(Stored data entries)
^^^^^^^^

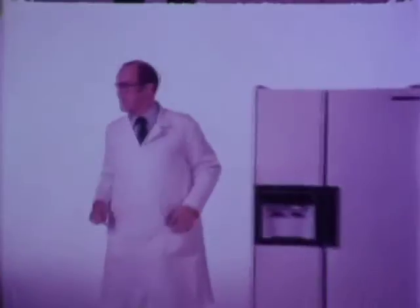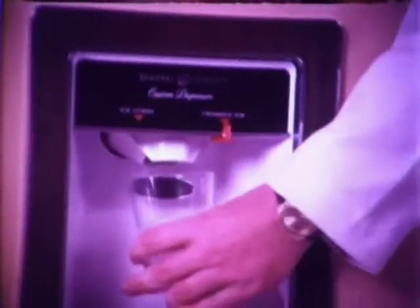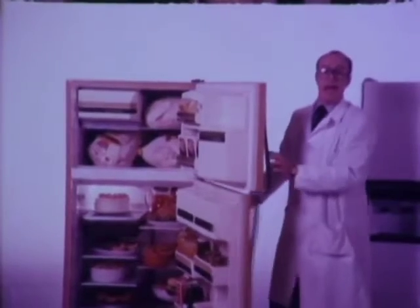Ice cubes and crushed ice — here's another terrific door that gives you ice cubes and crushed ice. But this one comes attached to a refrigerator with an enormous 6.8 cubic foot top freezer. It's big enough to hold six large turkeys and has a power saver switch to help save electricity.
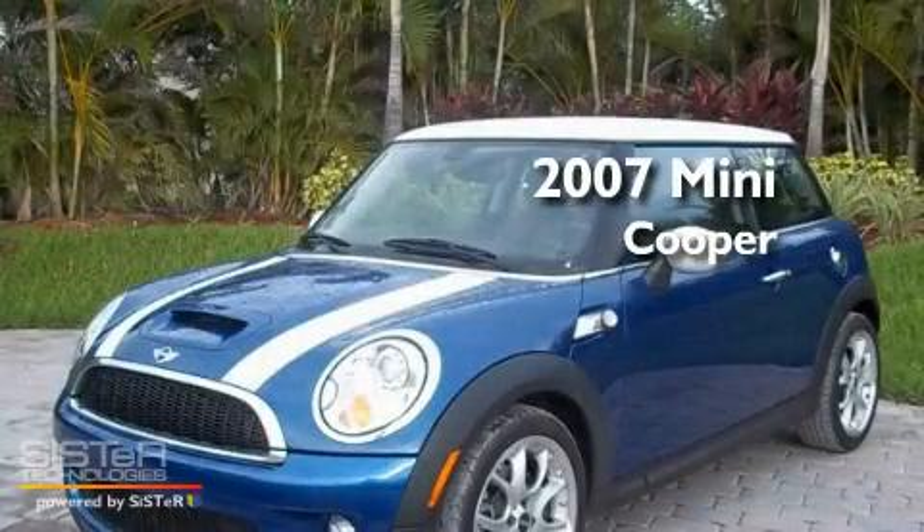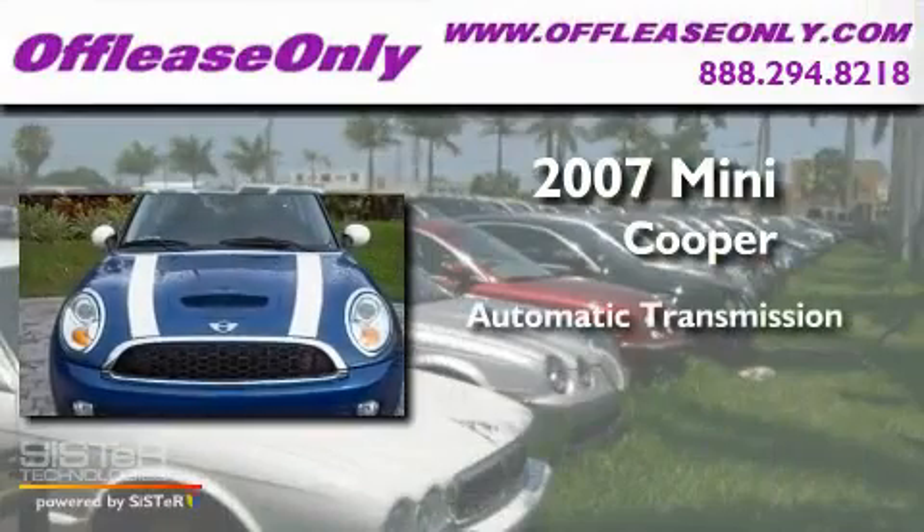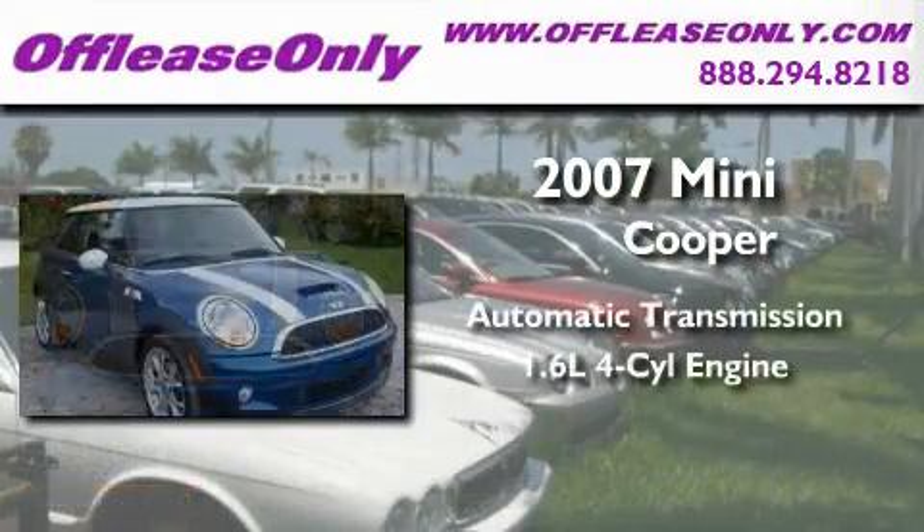This is a 2007 Mini Cooper. This car has an automatic transmission and an inline four-cylinder engine.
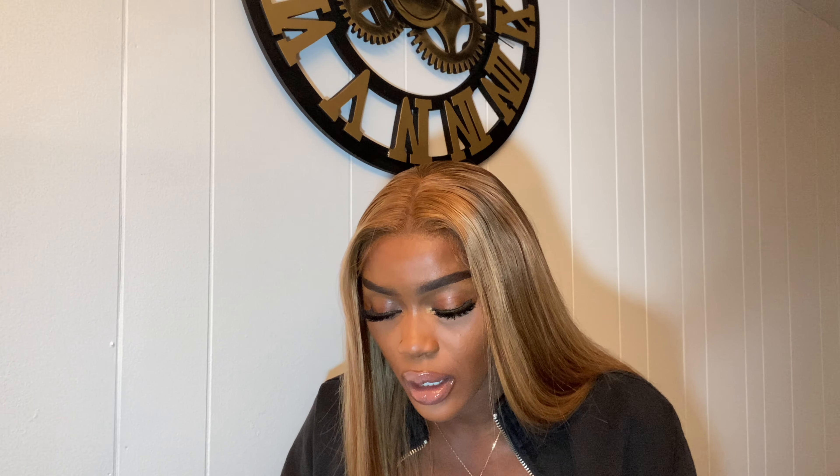The description says 'UNice Honey Blonde Highlight Lace Front Wig, Human Hair, Body Wave, Colored Wigs, Bet You Series.' Wait — it says honey blonde. But the girl in the video had brown and ash blonde highlights. So that definitely means it was falsely advertised — and reading is fundamental. Got it.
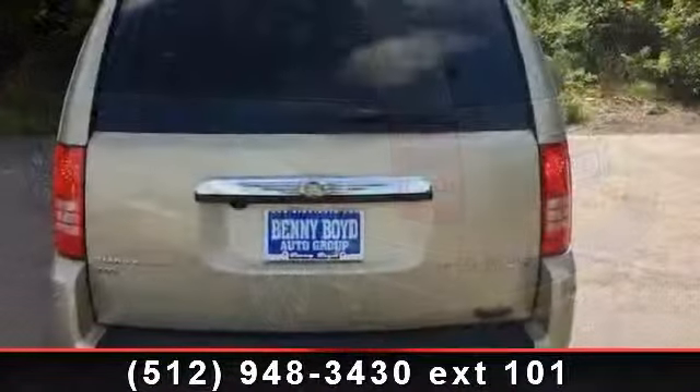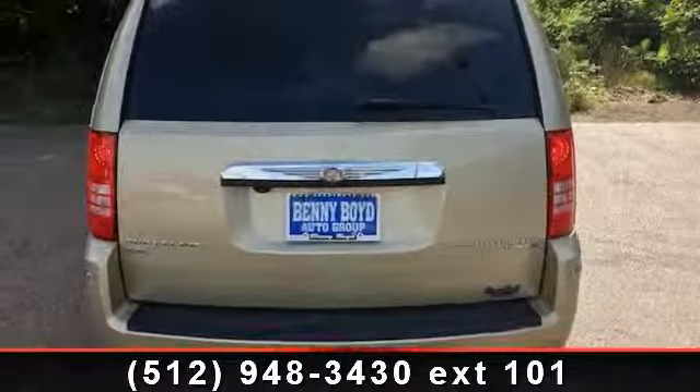A test drive is waiting for you. Call now to schedule an appointment to our dealership.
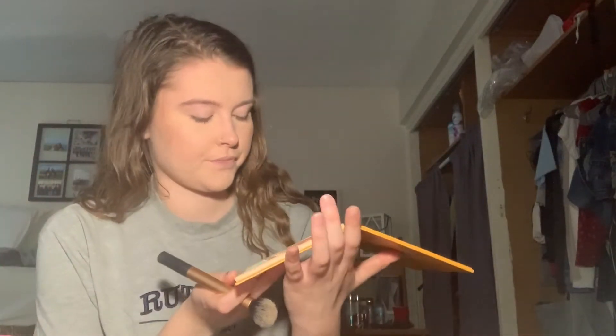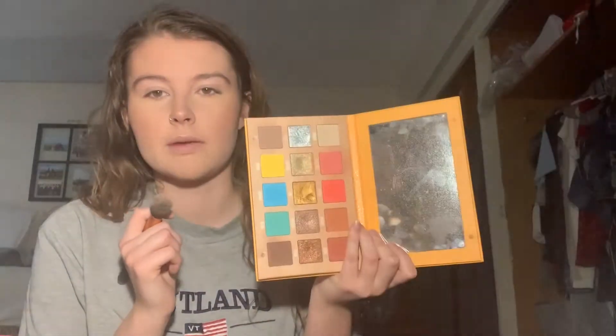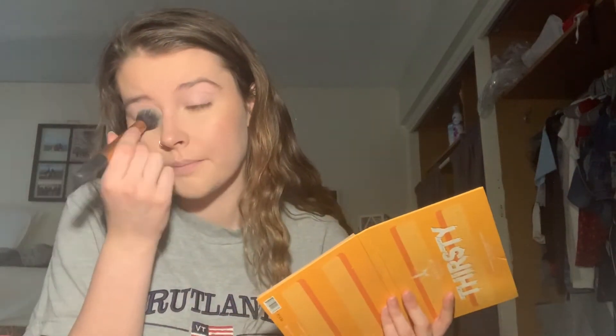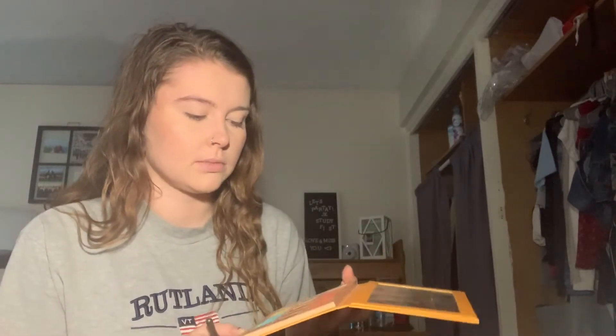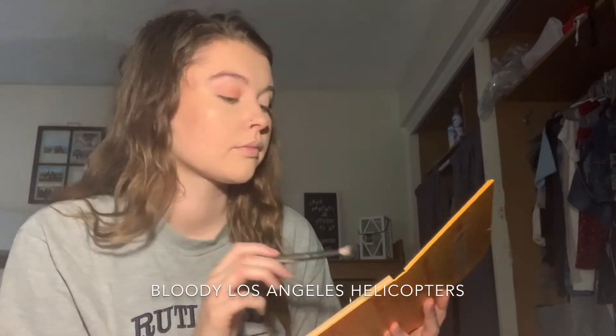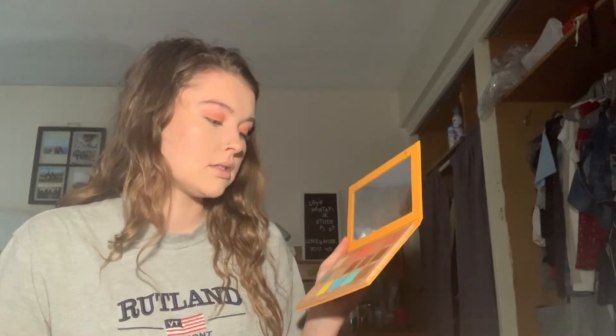I'm then going to set that with my Jeffree Star Thirsty Palette — there's a shade called Parched. Oh, look how gorgeous that palette is — it's beautiful! I'm going to just set my eyelids. Taking the same palette, I always go for more kind of pinks or browns, so I'm going to take the shade Stroke and tap that on my eye, then take the shade Drizzle and put that on top.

^^^^^^^^

▸ Task brief
The copy should match the records above exactly, except that pictures are dropped.

▸ Task result
Ice cubes and crushed ice — here's another terrific door that gives you ice cubes and crushed ice. But this one comes attached to a refrigerator with an enormous 6.8 cubic foot top freezer. It's big enough to hold six large turkeys and has a power saver switch to help save electricity.
This is a 2007 Mini Cooper. This car has an automatic transmission and an inline four-cylinder engine.
The description says 'UNice Honey Blonde Highlight Lace Front Wig, Human Hair, Body Wave, Colored Wigs, Bet You Series.' Wait — it says honey blonde. But the girl in the video had brown and ash blonde highlights. So that definitely means it was falsely advertised — and reading is fundamental. Got it.
A test drive is waiting for you. Call now to schedule an appointment to our dealership.
I'm then going to set that with my Jeffree Star Thirsty Palette — there's a shade called Parched. Oh, look how gorgeous that palette is — it's beautiful! I'm going to just set my eyelids. Taking the same palette, I always go for more kind of pinks or browns, so I'm going to take the shade Stroke and tap that on my eye, then take the shade Drizzle and put that on top.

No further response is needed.